The borough’s second-biggest deal took place just across Atlantic Avenue: In February, Scott Rechler’s RXR Realty and American Landmark Properties paid $194.5 million for the long-term ground lease on the 710,746-square-foot office building at 470 Vanderbilt Avenue. The deal, RXR’s first of its kind in Brooklyn, was part of the firm’s plan to invest $1 billion in emerging submarkets, primarily in the outer boroughs.
In August, Mack Real Estate Group bought a $120 million stake in Palin Enterprise’s long-stalled 145 West Street residential development in Greenpoint. The plan is to build an 800,000-square-foot tower, with 600 apartments and retail space.
Greenpoint is also home to Brooklyn’s priciest purchase of an existing residential complex this year. HK Organization teamed with investor Jo-Ann Obergfell and real estate private equity firm Brickman to buy the Chocolate Factory lofts at 275 Park Avenue for $68 million, in a deal that closed last month.
The pace of transactions is blistering: the dollar volume of deals completed in the first half of the year nearly matched the deal volume for all of 2013, according to data provided by Massey Knakal. Sales stood at $3.4 billion at the end of June, compared with $3.8 billion for all of 2013.
In recent years, dollar volume was inflated by large deals, like the 2012 sale of Kings Plaza Mall for $751 million. But now, the large number of deals is behind the blockbuster totals. “It’s definitely transactional volume driven, rather than large price deals driving that dollar volume through Brooklyn,” said Mercado.
In the first half of 2014, Massey Knakal counted 1,086 commercial sales in Brooklyn, up 14 percent from the same period last year.
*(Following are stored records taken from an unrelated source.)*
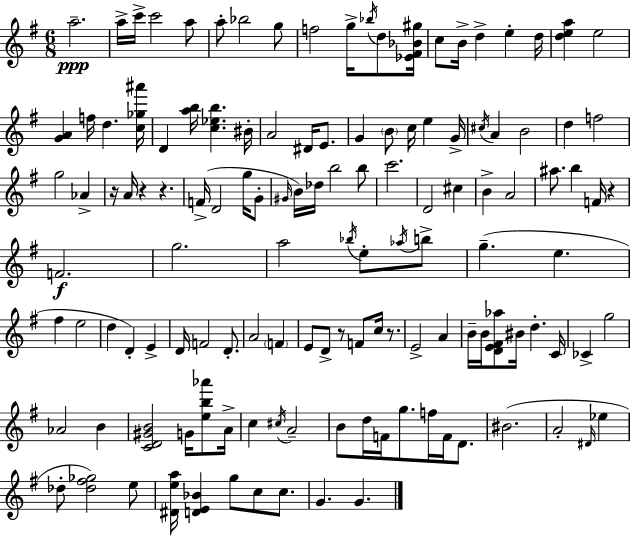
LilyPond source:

{
  \clef treble
  \numericTimeSignature
  \time 6/8
  \key g \major
  a''2.--\ppp | a''16-> c'''16-> c'''2 a''8 | a''8-. bes''2 g''8 | f''2 g''16-> \acciaccatura { bes''16 } d''8 | \break <ees' fis' bes' gis''>16 c''8 b'16-> d''4-> e''4-. | d''16 <d'' e'' a''>4 e''2 | <g' a'>4 f''16 d''4. | <c'' ges'' ais'''>16 d'4 <a'' b''>16 <c'' ees'' b''>4. | \break bis'16-. a'2 dis'16 e'8. | g'4 \parenthesize b'8 c''16 e''4 | g'16-> \acciaccatura { cis''16 } a'4 b'2 | d''4 f''2 | \break g''2 aes'4-> | r16 a'16 r4 r4. | f'16->( d'2 g''16 | g'8-. \grace { gis'16 }) b'16 des''16 b''2 | \break b''8 c'''2. | d'2 cis''4 | b'4-> a'2 | ais''8. b''4 f'16 r4 | \break f'2.\f | g''2. | a''2 \acciaccatura { bes''16 } | e''8-. \acciaccatura { aes''16 } b''8-> g''4.--( e''4. | \break fis''4 e''2 | d''4 d'4-.) | e'4-> d'16 f'2 | d'8.-. a'2 | \break \parenthesize f'4 e'8 d'8-> r8 f'8 | c''16 r8. e'2-> | a'4 b'16-- b'16 <d' e' fis' aes''>8 bis'16 d''4.-. | c'16 ces'4-> g''2 | \break aes'2 | b'4 <c' d' gis' b'>2 | g'16 <e'' b'' aes'''>8 a'16-> c''4 \acciaccatura { cis''16 } a'2-- | b'8 d''16 f'16 g''8. | \break f''16 f'16 d'8. bis'2.( | a'2-. | \grace { dis'16 } ees''4 des''8-. <des'' fis'' ges''>2) | e''8 <dis' e'' a''>16 <d' e' bes'>4 | \break g''8 c''8 c''8. g'4. | g'4. \bar "|."
} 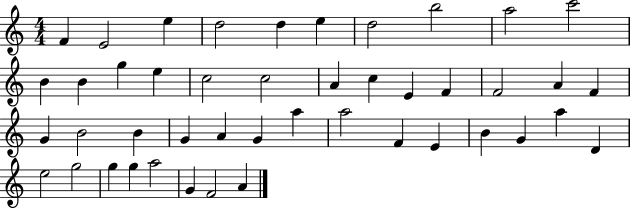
{
  \clef treble
  \numericTimeSignature
  \time 4/4
  \key c \major
  f'4 e'2 e''4 | d''2 d''4 e''4 | d''2 b''2 | a''2 c'''2 | \break b'4 b'4 g''4 e''4 | c''2 c''2 | a'4 c''4 e'4 f'4 | f'2 a'4 f'4 | \break g'4 b'2 b'4 | g'4 a'4 g'4 a''4 | a''2 f'4 e'4 | b'4 g'4 a''4 d'4 | \break e''2 g''2 | g''4 g''4 a''2 | g'4 f'2 a'4 | \bar "|."
} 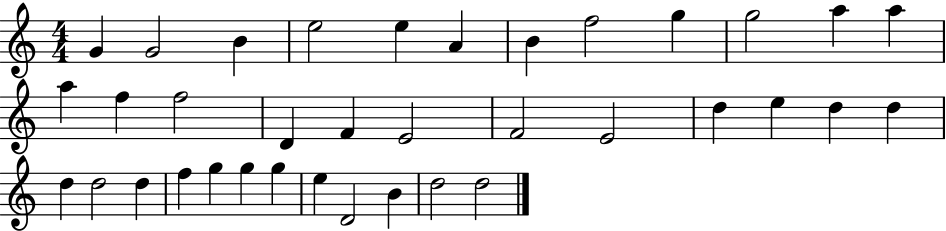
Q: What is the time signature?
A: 4/4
Williamsburg led the pack in the purchase of development sites, with 31 sales through the first half of the year, according to Massey Knakal. Bedford-Stuyvesant was the borough’s second-most-active submarket for development, with 27 sites trading. Greenpoint came in third, with 21, with Crown Heights trailing just behind at 18.
The average transaction price of deals studied by TerraCRG stood at about $3 million in the first half of 2014, compared with $2.5 million last year. The vast majority of deals in Kings County fell below $3 million, said Cohen.
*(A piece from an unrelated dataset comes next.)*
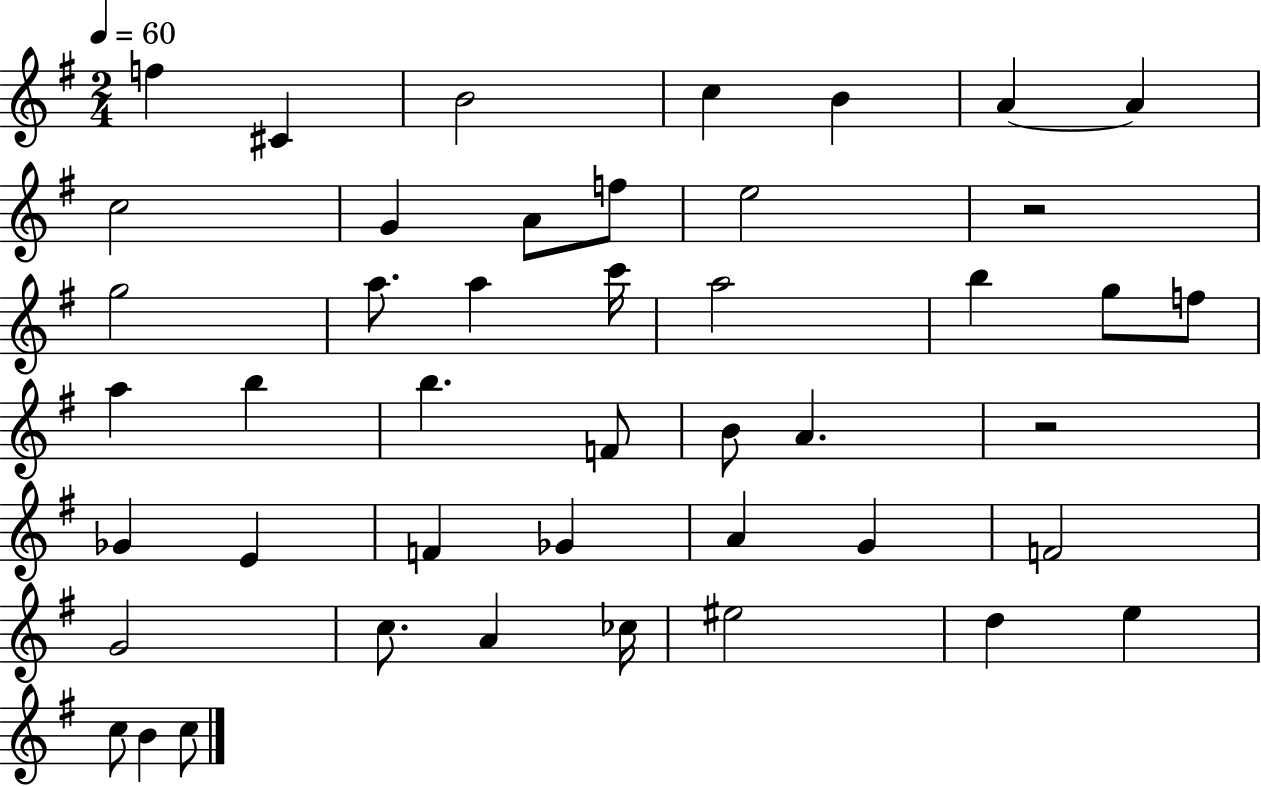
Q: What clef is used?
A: treble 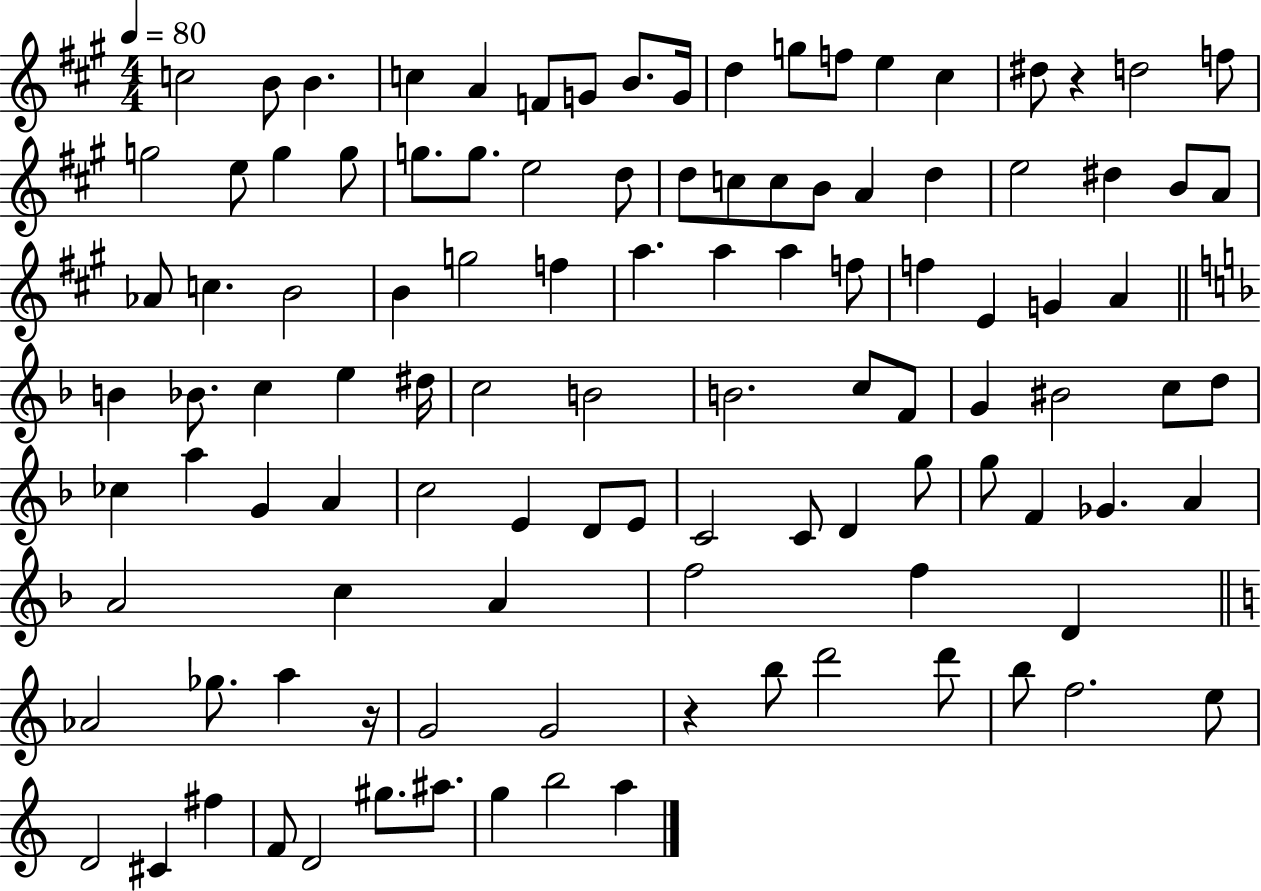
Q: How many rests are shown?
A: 3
Yet big deals are on the rise. In 2011, there were only three transactions above $30 million, TerraCRG found. This year, the firm is projecting 25 to 30 deals will close above that level.
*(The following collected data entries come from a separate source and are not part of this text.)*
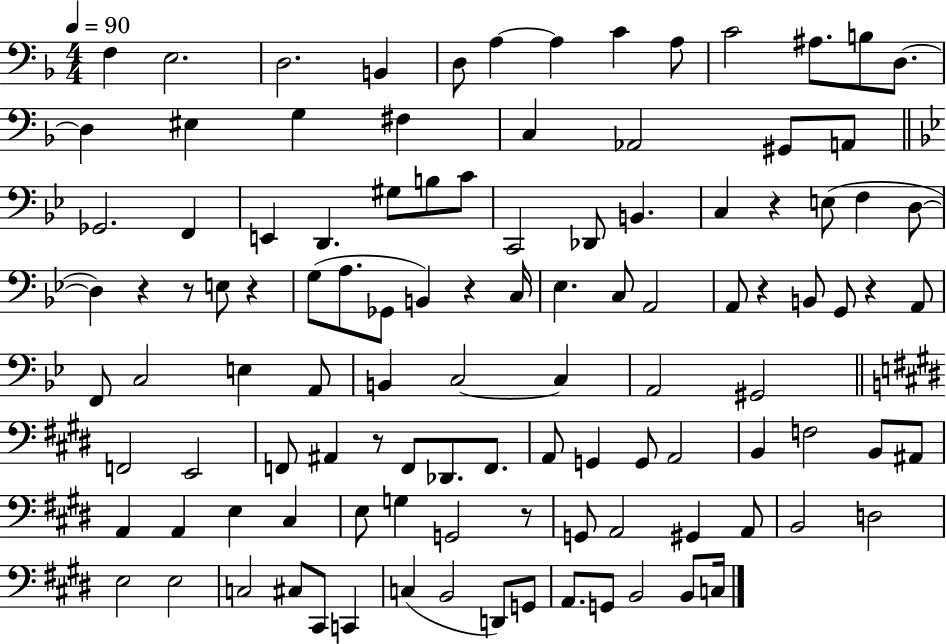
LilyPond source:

{
  \clef bass
  \numericTimeSignature
  \time 4/4
  \key f \major
  \tempo 4 = 90
  f4 e2. | d2. b,4 | d8 a4~~ a4 c'4 a8 | c'2 ais8. b8 d8.~~ | \break d4 eis4 g4 fis4 | c4 aes,2 gis,8 a,8 | \bar "||" \break \key bes \major ges,2. f,4 | e,4 d,4. gis8 b8 c'8 | c,2 des,8 b,4. | c4 r4 e8( f4 d8~~ | \break d4) r4 r8 e8 r4 | g8( a8. ges,8 b,4) r4 c16 | ees4. c8 a,2 | a,8 r4 b,8 g,8 r4 a,8 | \break f,8 c2 e4 a,8 | b,4 c2~~ c4 | a,2 gis,2 | \bar "||" \break \key e \major f,2 e,2 | f,8 ais,4 r8 f,8 des,8. f,8. | a,8 g,4 g,8 a,2 | b,4 f2 b,8 ais,8 | \break a,4 a,4 e4 cis4 | e8 g4 g,2 r8 | g,8 a,2 gis,4 a,8 | b,2 d2 | \break e2 e2 | c2 cis8 cis,8 c,4 | c4( b,2 d,8) g,8 | a,8. g,8 b,2 b,8 c16 | \break \bar "|."
}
If there’s one problem in the market, said Hess, it’s that there is not enough product in Brooklyn to continue fueling those $30 million deals.
For now, though, times are good. Commercial sales prices for core Brooklyn properties — including multi-family, mixed-use, office and retail — saw a 14-percent increase on a price-per square-foot basis in the first six months of 2014, versus the first half of last year, according to Massey Knakal
Insiders say activity remained strong in the third quarter.
Last month, The Real Deal reported that Joel Schreiber’s Waterbridge Capital had entered contract to buy a portfolio of properties on Williamsburg’s North 3rd Street for $100 million, at a per-square-foot price of nearly $1,000. Sam Boymelgreen also put his 126-unit Windsor Terrace rental property, the Kestrel, on the market with an asking price of $90 million.
Going into the fourth quarter, Cohen expects the pace to continue. But, he said, the possibility that the city will reform the 421-a tax abatement program or institute a policy of mandatory inclusionary housing next year creates considerable uncertainty in the market.
“These are things that could potentially affect things long-term, but right now no one has enough clarity on how these things work,” said Cohen.
The direction of interest rates is another factor developers and investors are watching.
But Stephen Steiner of Stratus Capital Advisors, who marketed the Chocolate Factory loft, said even if interest rates rise, the effect will not be significant enough to derail the market’s momentum.
“There is still so much money out there. The market will continue. I don’t think there are any clouds on the horizon,” said Steiner.